## ENTRIES SHOWN
+ + + +

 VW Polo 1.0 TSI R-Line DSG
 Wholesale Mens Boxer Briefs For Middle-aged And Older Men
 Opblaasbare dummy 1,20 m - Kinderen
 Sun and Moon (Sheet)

+ + + +

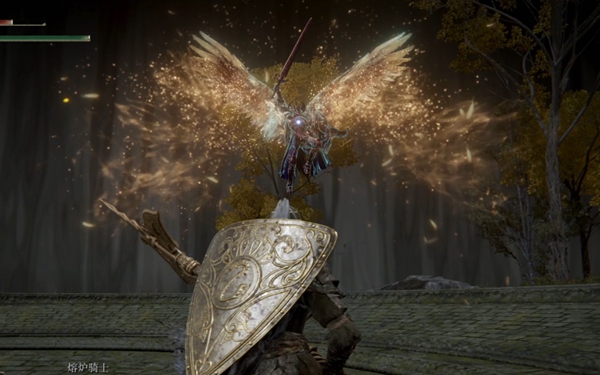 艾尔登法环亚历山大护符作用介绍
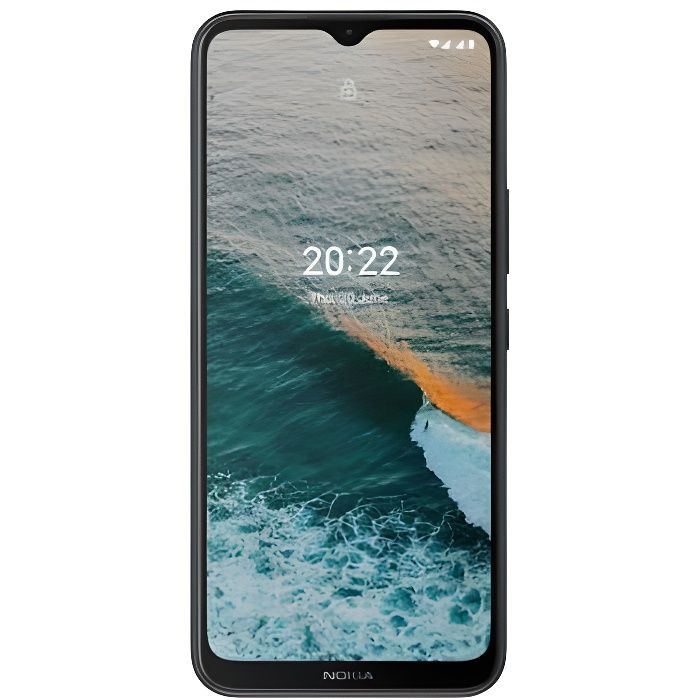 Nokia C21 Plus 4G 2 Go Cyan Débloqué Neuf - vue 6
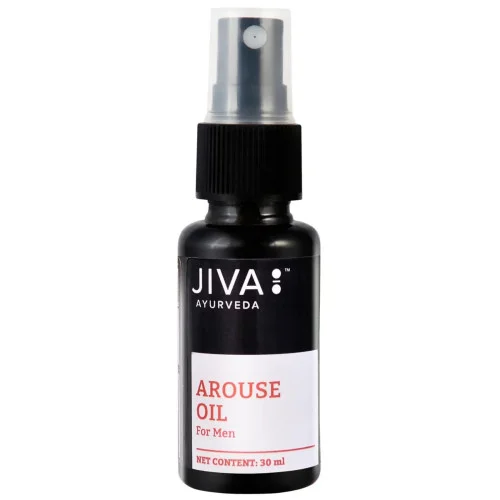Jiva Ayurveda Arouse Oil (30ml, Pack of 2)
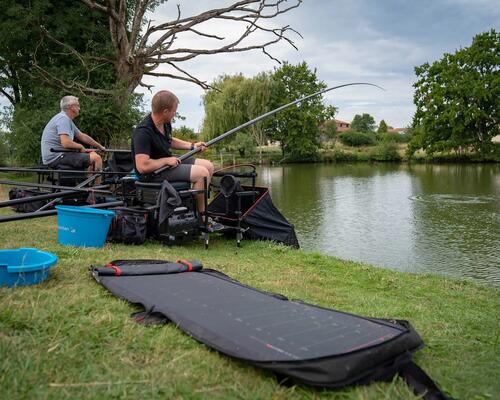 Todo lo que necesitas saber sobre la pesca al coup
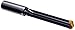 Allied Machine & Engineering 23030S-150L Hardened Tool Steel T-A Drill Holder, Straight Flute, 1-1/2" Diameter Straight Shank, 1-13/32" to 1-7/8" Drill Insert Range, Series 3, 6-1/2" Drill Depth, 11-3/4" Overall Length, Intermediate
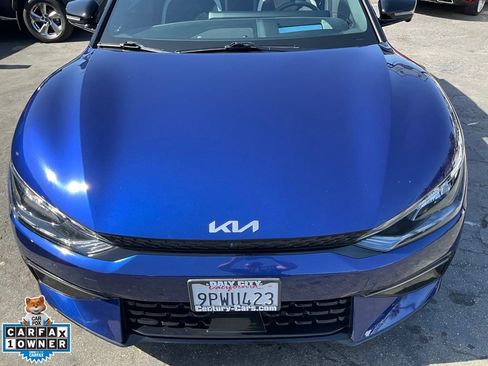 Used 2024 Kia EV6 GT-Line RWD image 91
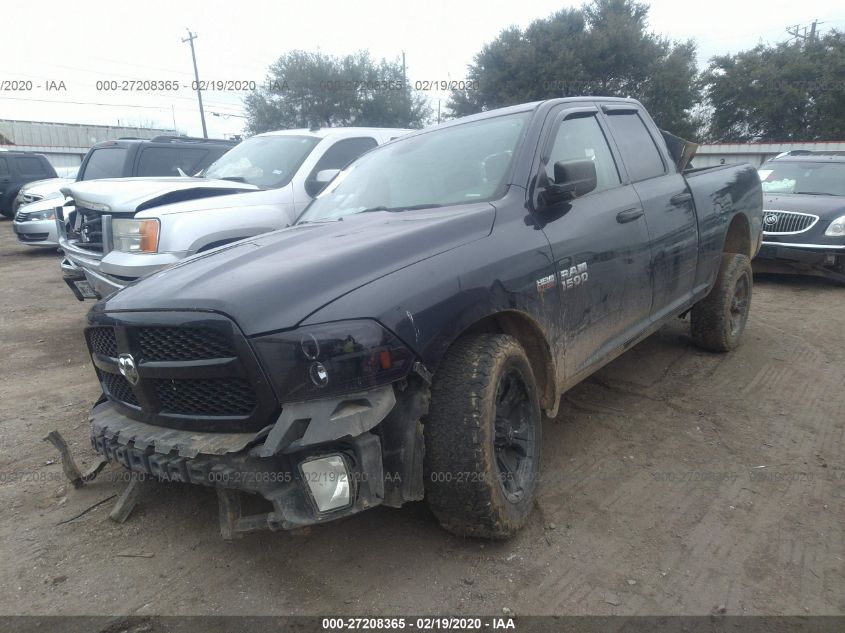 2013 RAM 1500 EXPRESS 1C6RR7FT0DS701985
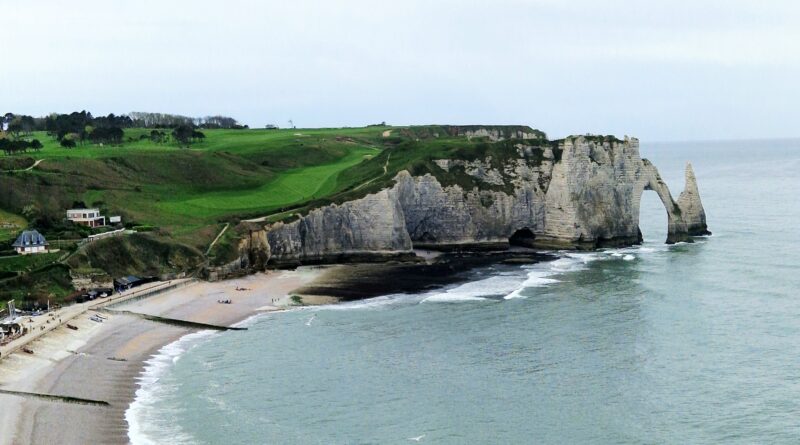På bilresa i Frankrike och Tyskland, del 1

+ + + +

What's needed is an exact copy of the records above from the line containing "Allied Machine &" down to the line containing "På bilresa i Frankrike och Tyskland, del 1", both included, without any pictures.

## SOLUTION TO THIS TASK
 Allied Machine & Engineering 23030S-150L Hardened Tool Steel T-A Drill Holder, Straight Flute, 1-1/2" Diameter Straight Shank, 1-13/32" to 1-7/8" Drill Insert Range, Series 3, 6-1/2" Drill Depth, 11-3/4" Overall Length, Intermediate
 Used 2024 Kia EV6 GT-Line RWD image 91
 2013 RAM 1500 EXPRESS 1C6RR7FT0DS701985
På bilresa i Frankrike och Tyskland, del 1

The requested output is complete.